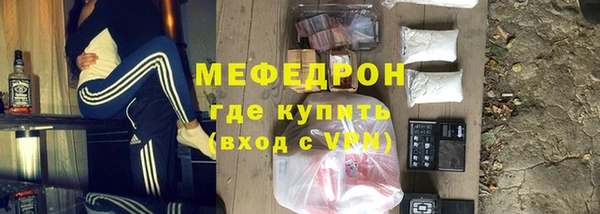 метадон Дмитров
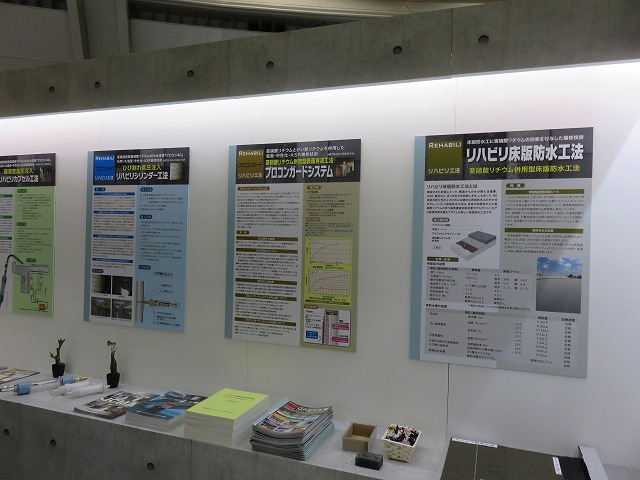 2018JCMA年次大会神戸 2018/07/4~6 | 一般社団法人コンクリートメンテナンス協会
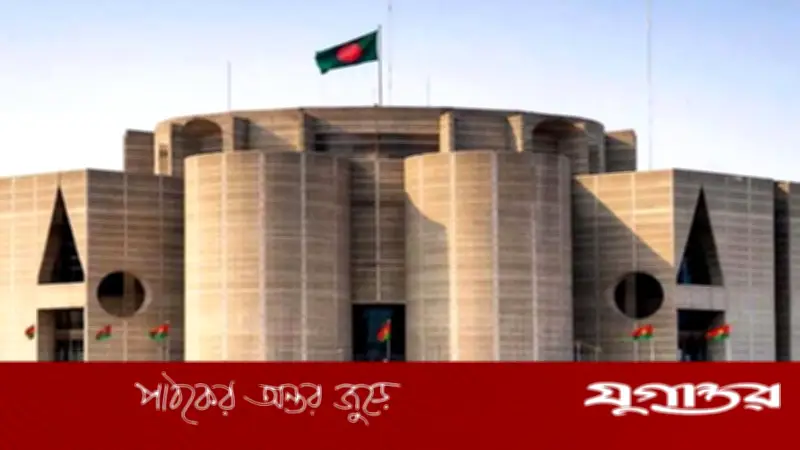 সংসদ হবে সব সমস্যার সমাধানের কেন্দ্রবিন্দু: প্রধানমন্ত্রীর আহ্বান ও নতুন সরকারের পদক্ষেপ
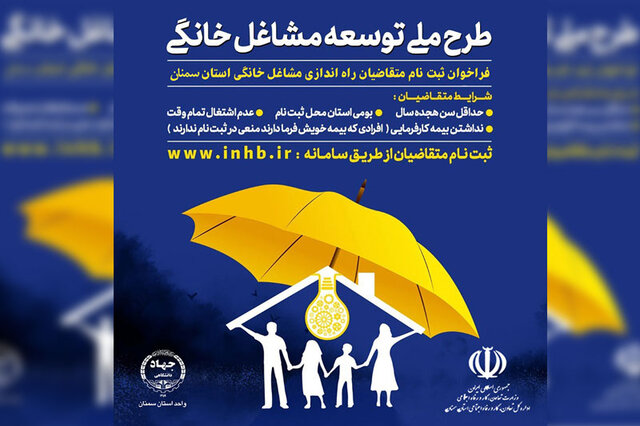 آغاز ثبت&zwnj;نام متقاضیان مشاغل خانگی در سامانه inhb.ir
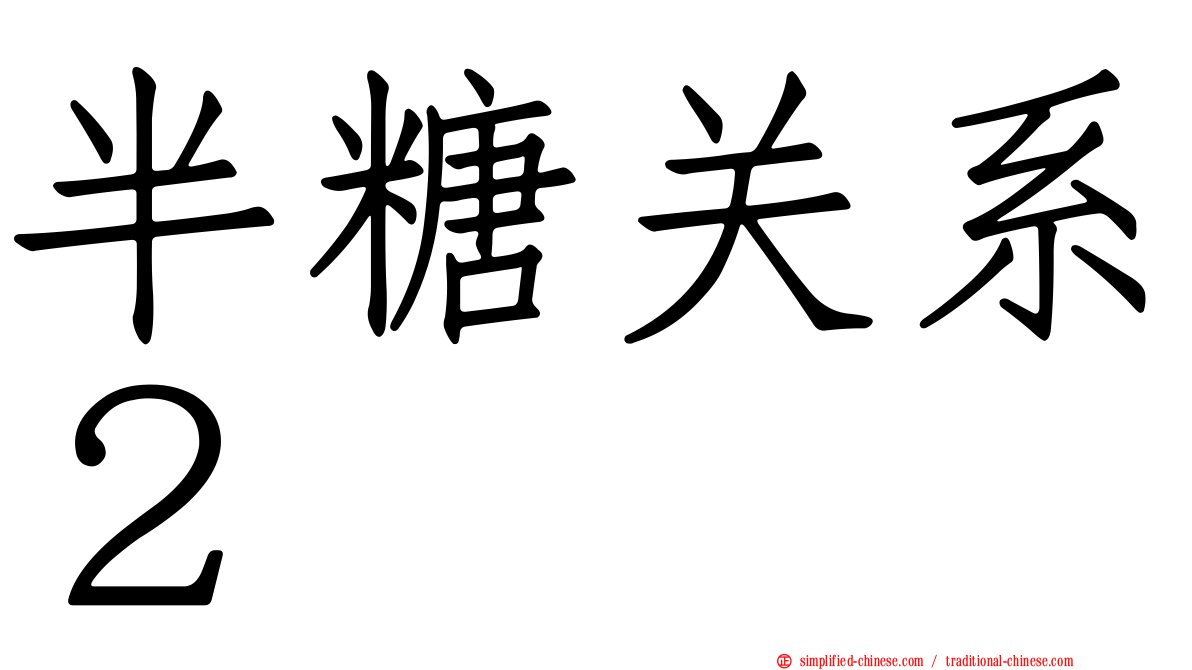 半糖关系２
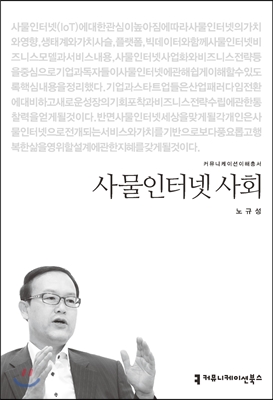 사물인터넷 사회 표지이미지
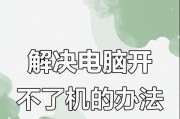 笔记本电脑黑屏如何恢复正常显示？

How to complete this task:
Output all the entries above verbatim, please. No images.

Expected output:
 метадон Дмитров
 2018JCMA年次大会神戸 2018/07/4~6 | 一般社団法人コンクリートメンテナンス協会
 সংসদ হবে সব সমস্যার সমাধানের কেন্দ্রবিন্দু: প্রধানমন্ত্রীর আহ্বান ও নতুন সরকারের পদক্ষেপ
 آغاز ثبت&zwnj;نام متقاضیان مشاغل خانگی در سامانه inhb.ir
 半糖关系２
 사물인터넷 사회 표지이미지
 笔记本电脑黑屏如何恢复正常显示？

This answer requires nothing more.